Classification of human movements in outdoor envirioments using deep learning
2018
0 görüntülenme
0 i̇ndirme
Danışman: Dr. Öğr. Üyesi Özal Yıldırım
Özet (EN)
In this thesis, deep learning approaches are proposed for automatic classification of actions of people in outdoor envirioments. Firstly, the identification of the persons in the obtained image is provided. For this purpose, YOLO, a pre-trained deep object detection tool widely used in the literature, is used. The Google Street View system is used to obtain the outdoor images. Movement classes were then created for the people detected. These movement classes; walking to the right, walking to the left, standing and sitting. Thus, a comprehensive data set has been created for people identified from outdoor images. A convolutional neural network (CNN) model is designed for the automatic recognition of classes of identified data.

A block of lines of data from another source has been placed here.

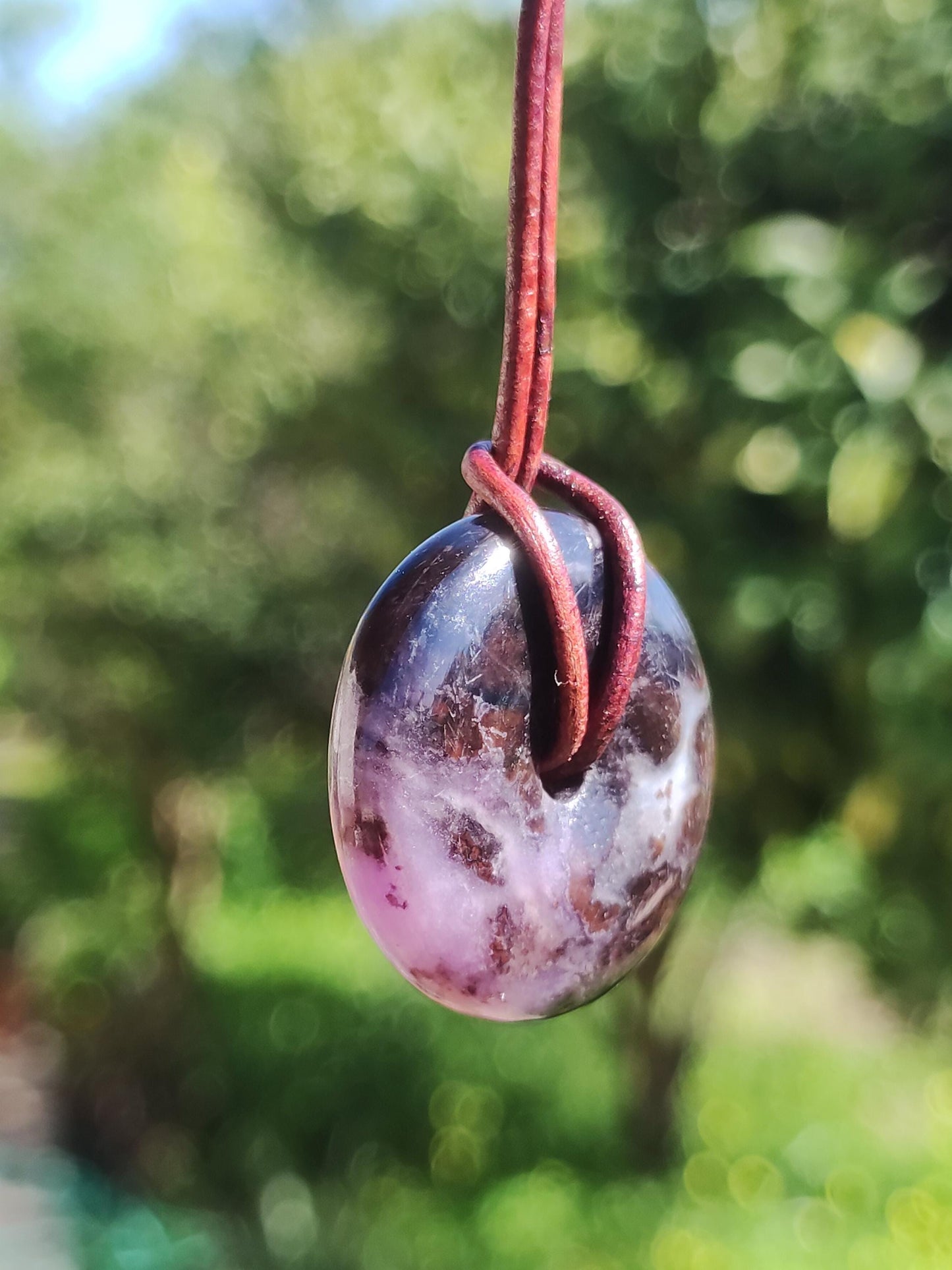 Sugilite protection donut gemstone crystal healing stone rarity rare collector sugilite purple pendant round gift man woman he her friend violet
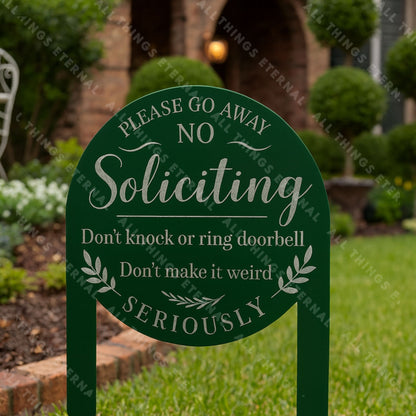 No Soliciting Metal Yard Sign – Modern Private Property Outdoor Decor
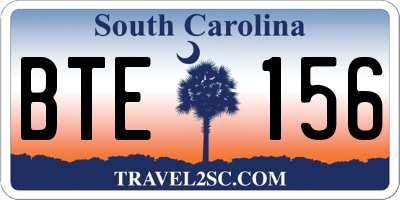 SC license plate BTE156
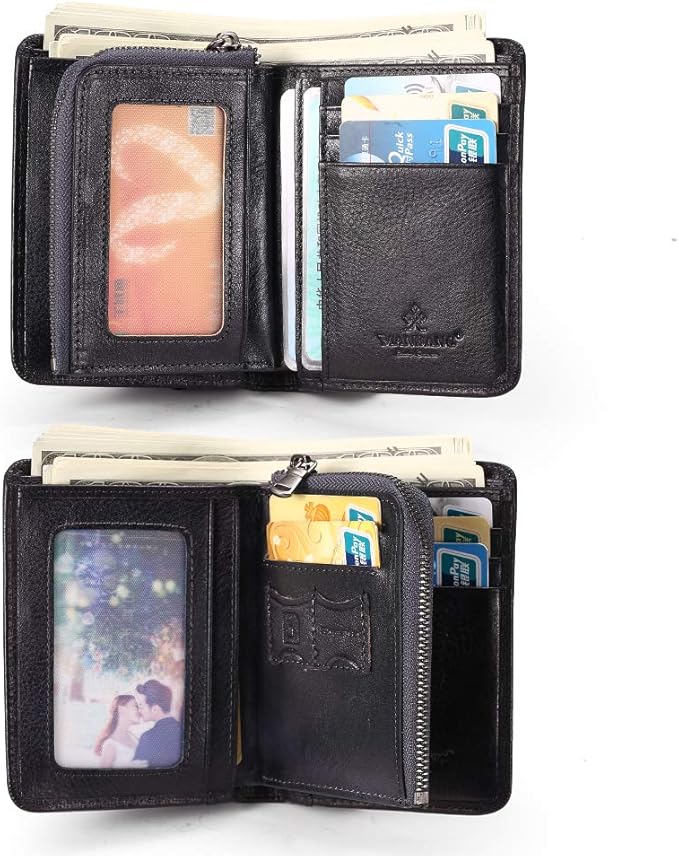 MANBANG Mens Wallet Zipper Genuine Leather RFID Card Holders Cowhide Zip Coin Pocket Bifold wallets for men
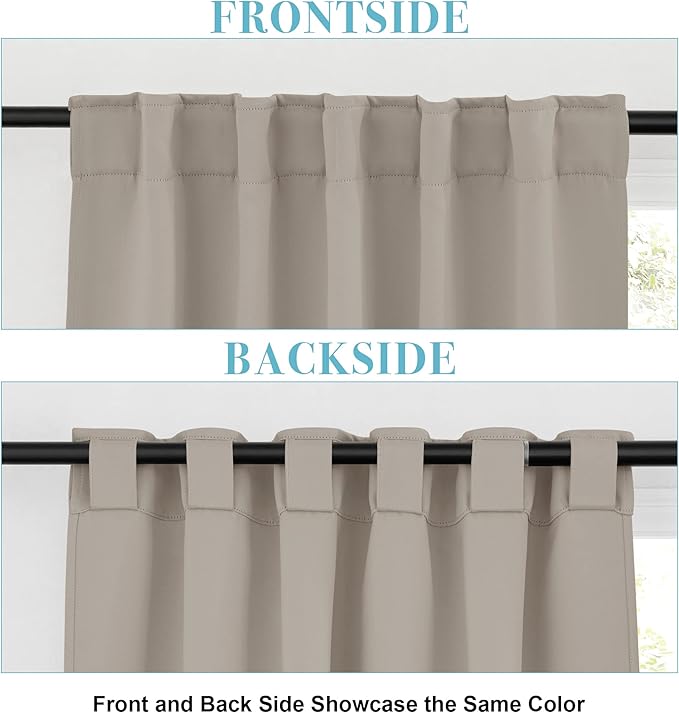 RYB HOME Small Window Curtains - Blackout Insualting Privacy Curtains for Kids Bedroom Kitchen Bathroom Basement Cafe Cabinet Tiers Drapes, 34 Width x 24 Length, 2 Panels, Sand
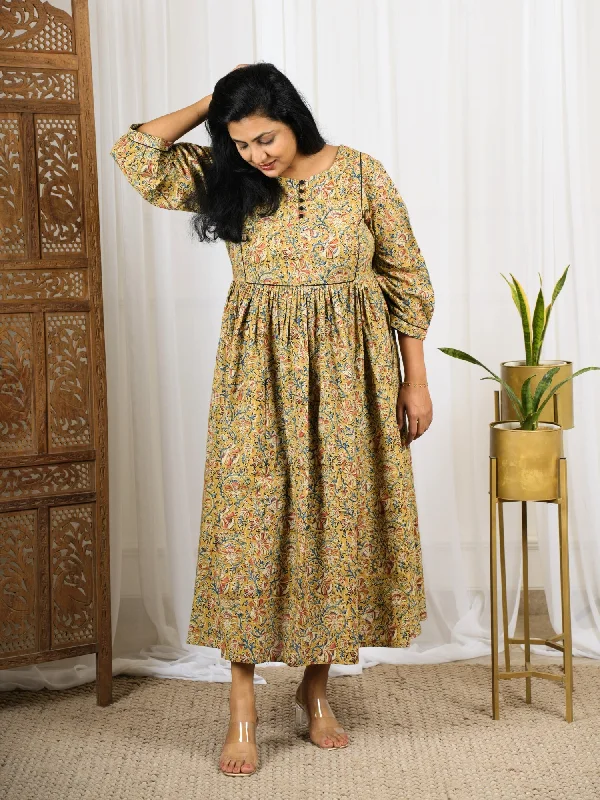 Vandini Kalamkari Cotton Yoke Dress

With this CNN model, automatic recognition of the movements of the person is provided. This trained classifier is used in combination with the YOLO object detection system to ensure that the movement of the persons in the input image is automatically recognized. Within the scope of the thesis, three and four class data sets were created on the database and performance evaluations of the proposed system were made. As a result of the thesis work, a recognition system for the movements of people in the image obtained from the outside is presented. This provides an efficient recognition system that can be used in applications that interact with people in external environments such as autonomous vehicles and robotics.